Un saggio coraggioso e rigoroso che smonta la caccia al “nemico” della sinistra contemporanea e invita la destra a riscoprire radici liberali, visione e responsabilità culturale.

26 Novembre 2025

La trappola delle etichette: la contro-narrazione liberale di Capezzone in un’epoca di semplificazioni tossiche

Capezzone e Telese, fonte: La7

Un’opera necessaria in tempi confusi

Con Trumpisti o muskisti, comunque «fascisti». Sinistra a caccia di nemici, Daniele Capezzone offre un saggio politico che colpisce per lucidità e ampiezza di sguardo. Non è un testo urlato, né un pamphlet di schieramento: è un’analisi composta, ma intellettualmente affilata, che denuncia come una parte della sinistra abbia sostituito il confronto con l’anatema, riducendo l’avversario a caricatura. L’autore, forte di un percorso politico e mediatico ricco e trasversale, sceglie un approccio “anti-anti”: non un elogio cieco dei leader nel mirino progressista, ma una critica a chi ha trasformato il dissenso in colpa morale.

L’umanesimo oltre i pregiudizi

La scelta di chiudere il libro con Leopardi sorprende e conquista: Capezzone lo presenta come voce di un umanesimo “integrale”, lontano dall’immagine stereotipata del pessimismo scolastico.
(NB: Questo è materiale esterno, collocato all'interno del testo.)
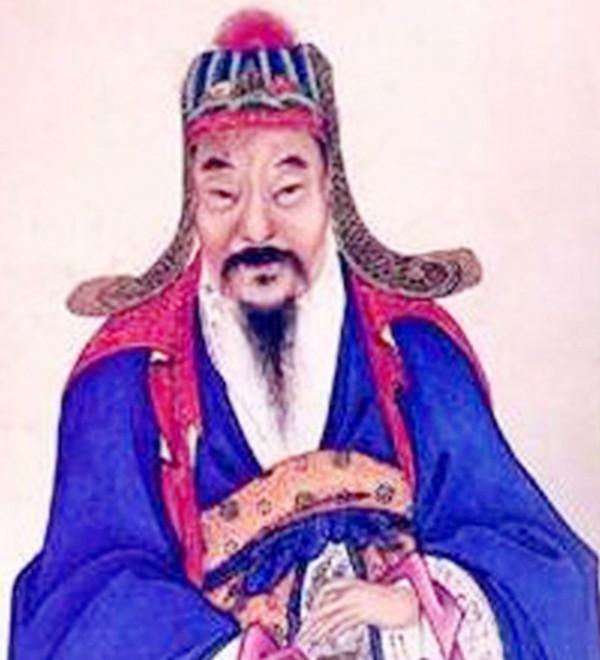 1995年,山東挖出一塊石碑,揭開了秦叔寶的身世之謎 1995年,山東挖出一塊石碑,揭開了秦叔寶的身世之謎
Allo stesso modo, nella parte più originale del volume, l’autore lega la forza comunicativa della destra mondiale a una dimensione liberale e libertaria, evocata persino attraverso la figura di Freddie Mercury, simbolo di una libertà vitale e non coercitiva. Un accostamento ardito e riuscito, che illumina l’idea centrale del libro: i leader più demonizzati sono spesso quelli più capaci di stabilire un contatto diretto con il demos, con la spontaneità della società reale.

Il meccanismo della demonizzazione

Capezzone analizza con rigore il funzionamento della “macchina dell’indignazione”, il dispositivo culturale che trasforma il confronto politico in un perenne processo morale. I dati citati nel libro – impressionanti nella loro crudezza – mostrano fino a che punto la polarizzazione abbia legittimato persino l’idea della violenza contro figure pubbliche considerate scomode. Di fronte a questo scivolamento pericoloso, l’autore difende una visione liberale del dibattito, dove l’avversario non è un nemico da eliminare, ma qualcuno con cui misurarsi sul terreno delle idee. È qui che il saggio rivela la sua funzione civile.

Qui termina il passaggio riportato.